■ **What the exercise asks**
Word for word, copy the line that contains "AI generated A" and each line after it in the data below. Pictures stay out of the copy.

■ **Data section**

>>>>

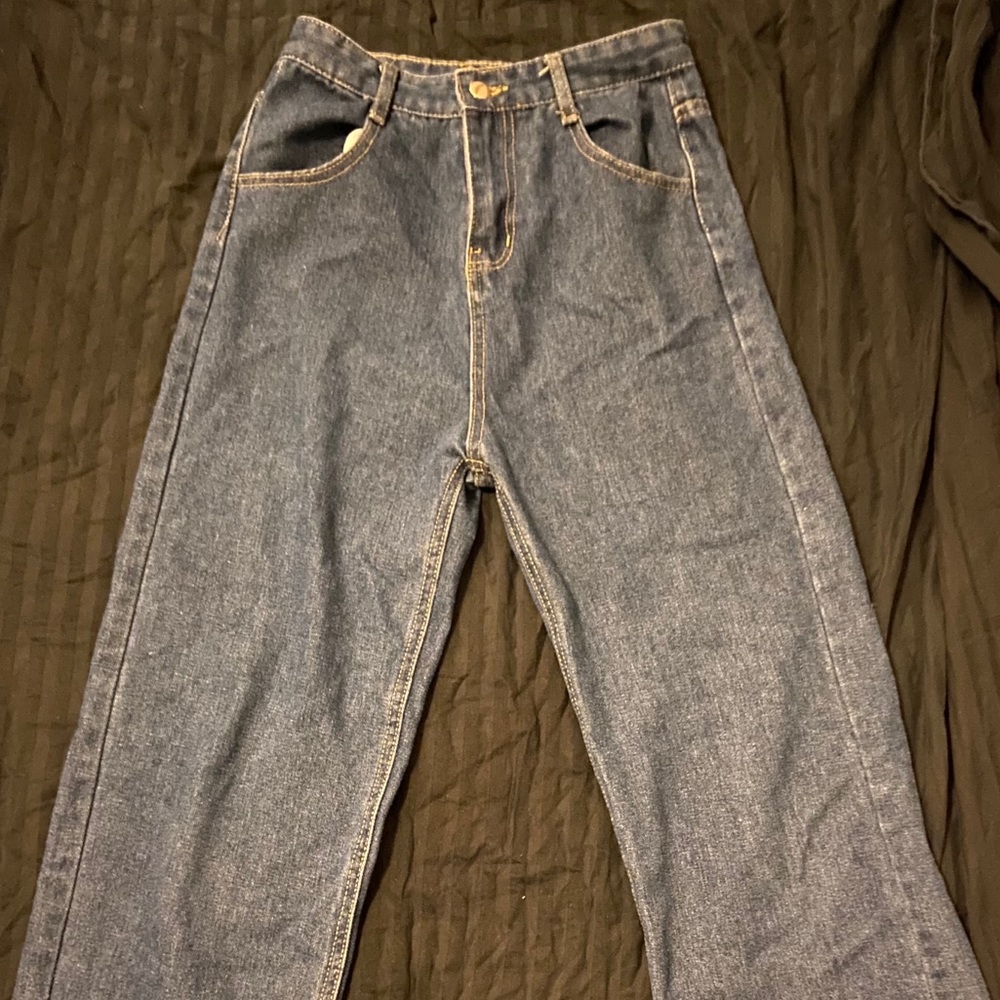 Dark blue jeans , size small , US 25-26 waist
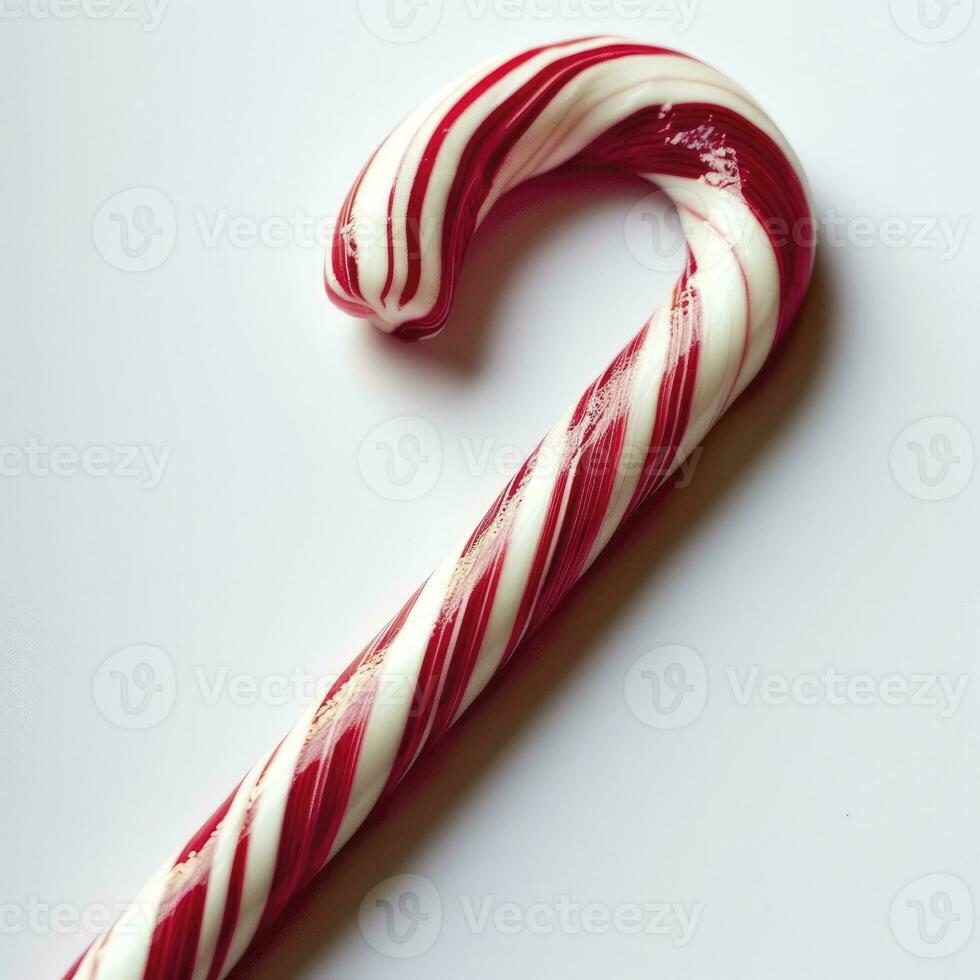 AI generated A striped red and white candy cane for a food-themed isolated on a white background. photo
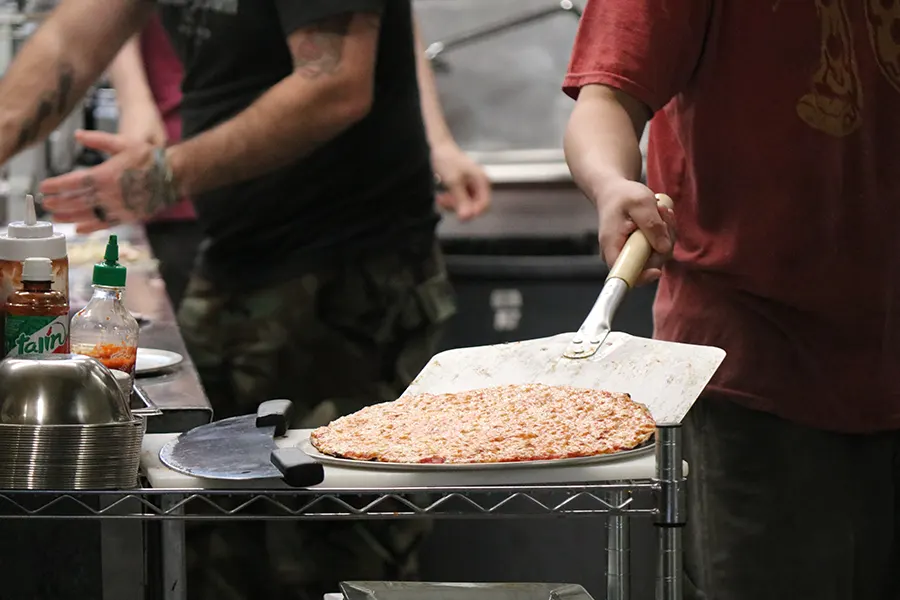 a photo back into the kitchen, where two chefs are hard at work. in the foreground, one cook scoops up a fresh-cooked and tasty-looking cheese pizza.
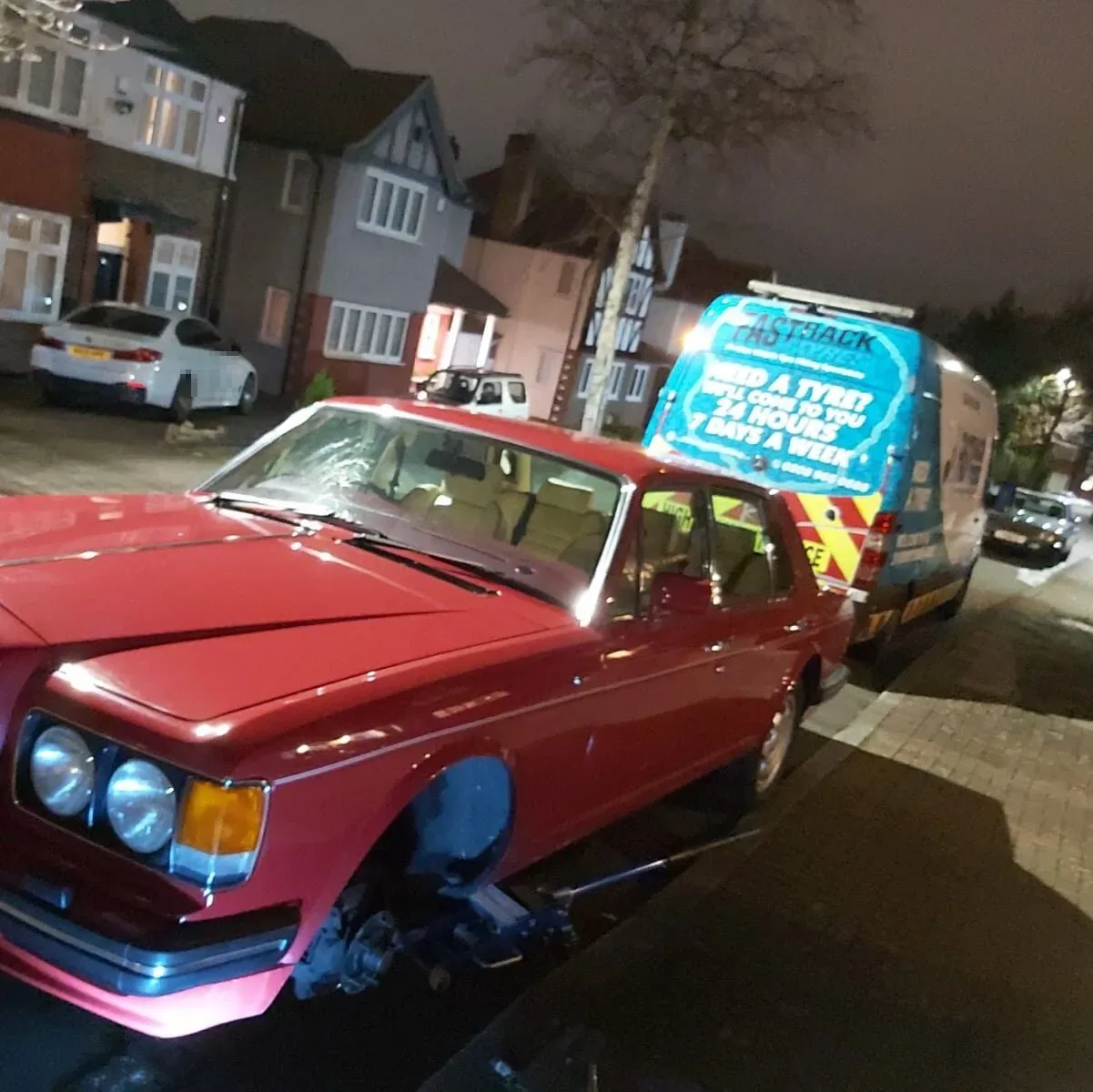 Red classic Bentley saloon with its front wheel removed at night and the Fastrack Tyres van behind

<<<<

■ **Answer section**
 AI generated A striped red and white candy cane for a food-themed isolated on a white background. photo
 a photo back into the kitchen, where two chefs are hard at work. in the foreground, one cook scoops up a fresh-cooked and tasty-looking cheese pizza.
 Red classic Bentley saloon with its front wheel removed at night and the Fastrack Tyres van behind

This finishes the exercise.